**ACTION ITEM:**
Keeping pictures out of the copy, restate each record word for word.

**SUPPLIED ENTRIES:**
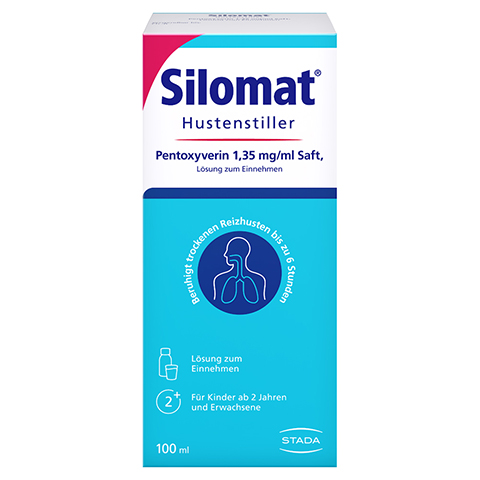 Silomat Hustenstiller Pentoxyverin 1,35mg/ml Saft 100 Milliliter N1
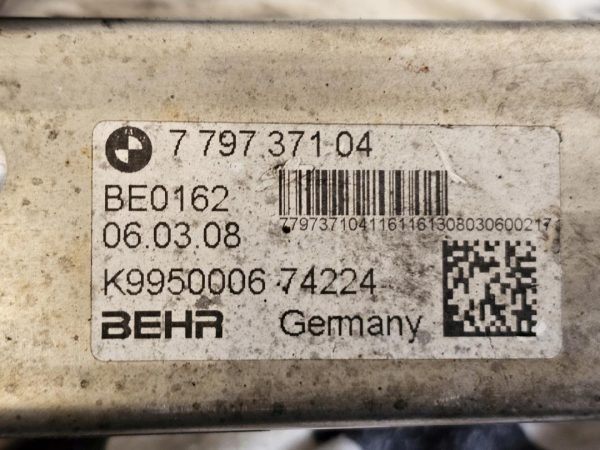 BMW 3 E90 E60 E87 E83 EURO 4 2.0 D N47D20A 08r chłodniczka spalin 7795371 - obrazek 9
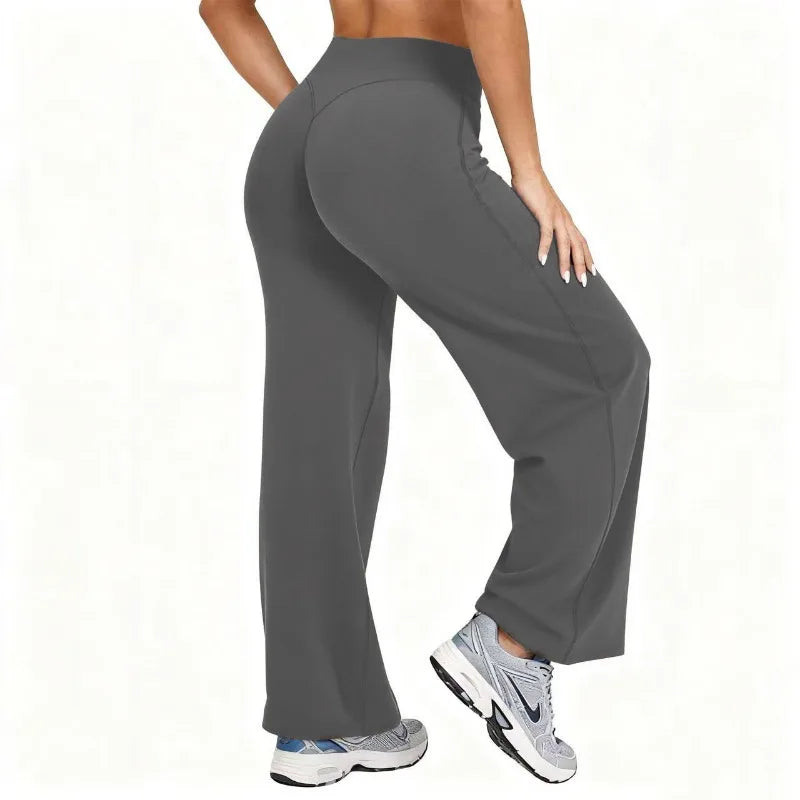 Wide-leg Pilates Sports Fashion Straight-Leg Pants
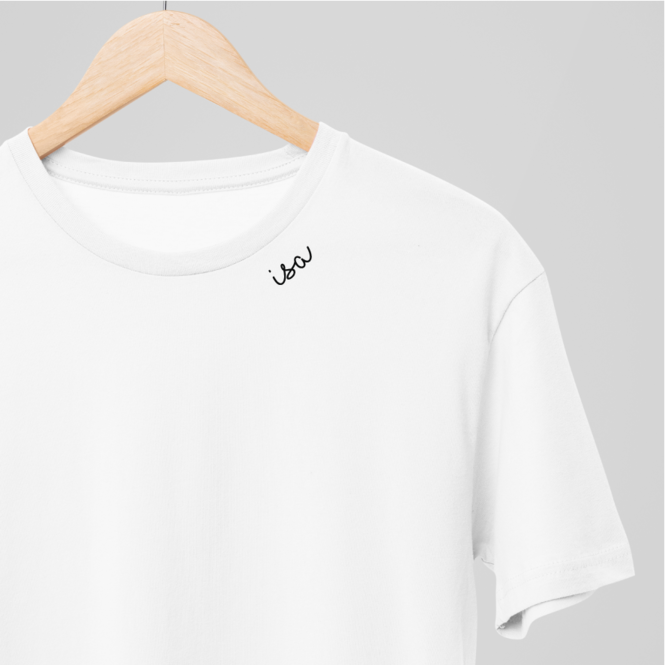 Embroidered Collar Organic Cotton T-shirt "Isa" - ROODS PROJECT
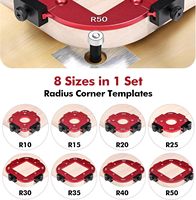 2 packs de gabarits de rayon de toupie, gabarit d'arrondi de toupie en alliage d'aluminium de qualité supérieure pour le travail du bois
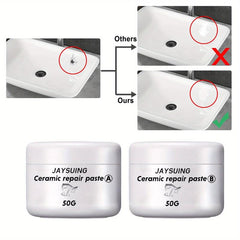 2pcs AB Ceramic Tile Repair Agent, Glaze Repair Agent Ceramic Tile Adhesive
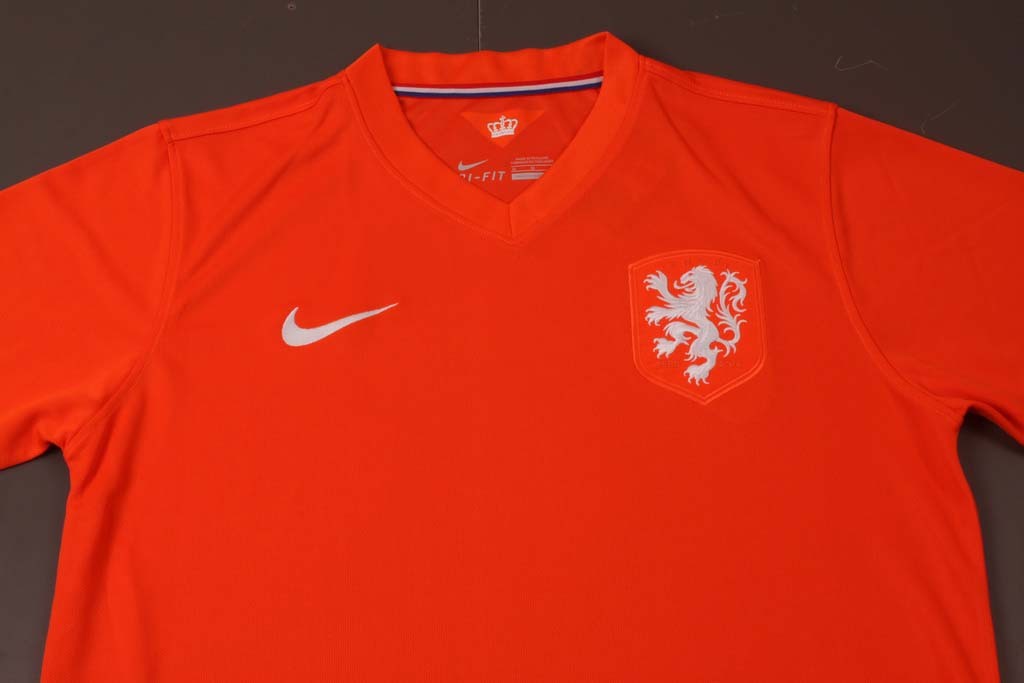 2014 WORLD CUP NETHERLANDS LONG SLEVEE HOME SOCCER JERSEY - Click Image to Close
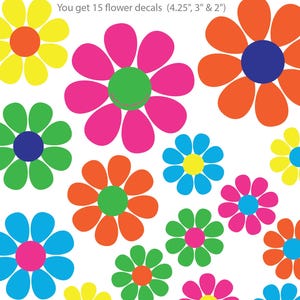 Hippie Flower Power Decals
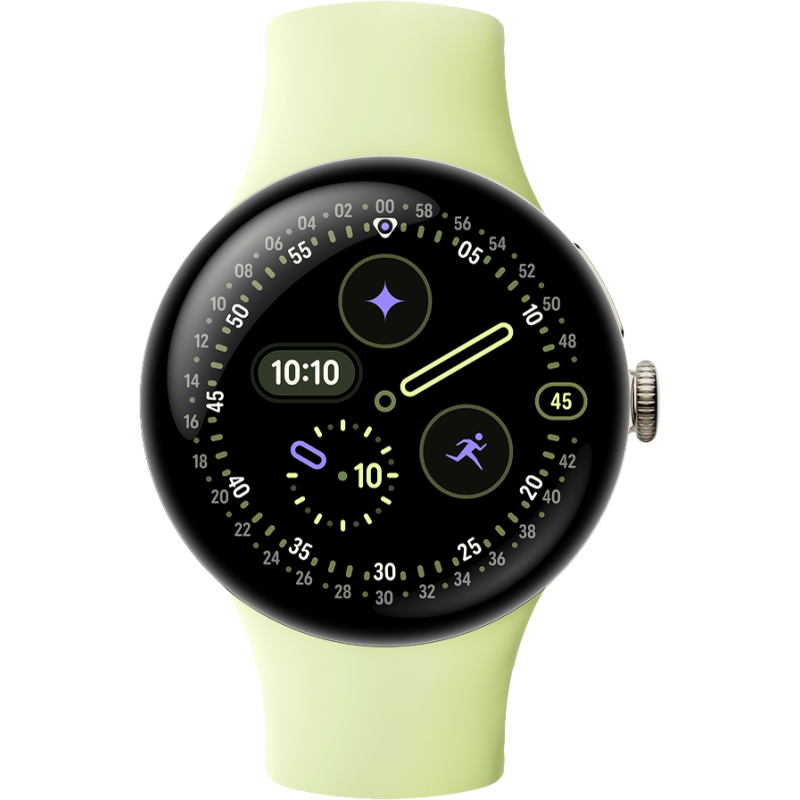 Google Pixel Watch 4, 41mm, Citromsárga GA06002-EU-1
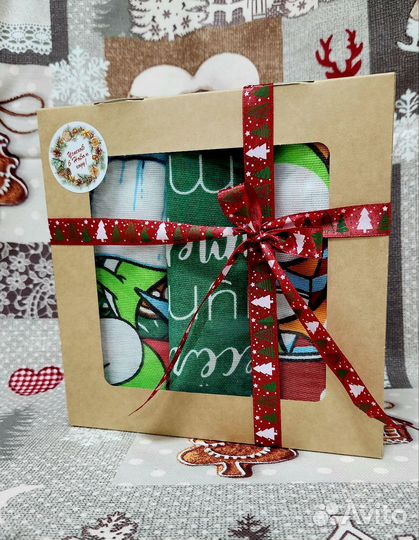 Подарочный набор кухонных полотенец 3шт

**SOLUTION TO THIS TASK:**
 Silomat Hustenstiller Pentoxyverin 1,35mg/ml Saft 100 Milliliter N1
 BMW 3 E90 E60 E87 E83 EURO 4 2.0 D N47D20A 08r chłodniczka spalin 7795371 - obrazek 9
 Wide-leg Pilates Sports Fashion Straight-Leg Pants
 Embroidered Collar Organic Cotton T-shirt "Isa" - ROODS PROJECT
 2 packs de gabarits de rayon de toupie, gabarit d'arrondi de toupie en alliage d'aluminium de qualité supérieure pour le travail du bois
 2pcs AB Ceramic Tile Repair Agent, Glaze Repair Agent Ceramic Tile Adhesive
 2014 WORLD CUP NETHERLANDS LONG SLEVEE HOME SOCCER JERSEY - Click Image to Close
 Hippie Flower Power Decals
 Google Pixel Watch 4, 41mm, Citromsárga GA06002-EU-1
 Подарочный набор кухонных полотенец 3шт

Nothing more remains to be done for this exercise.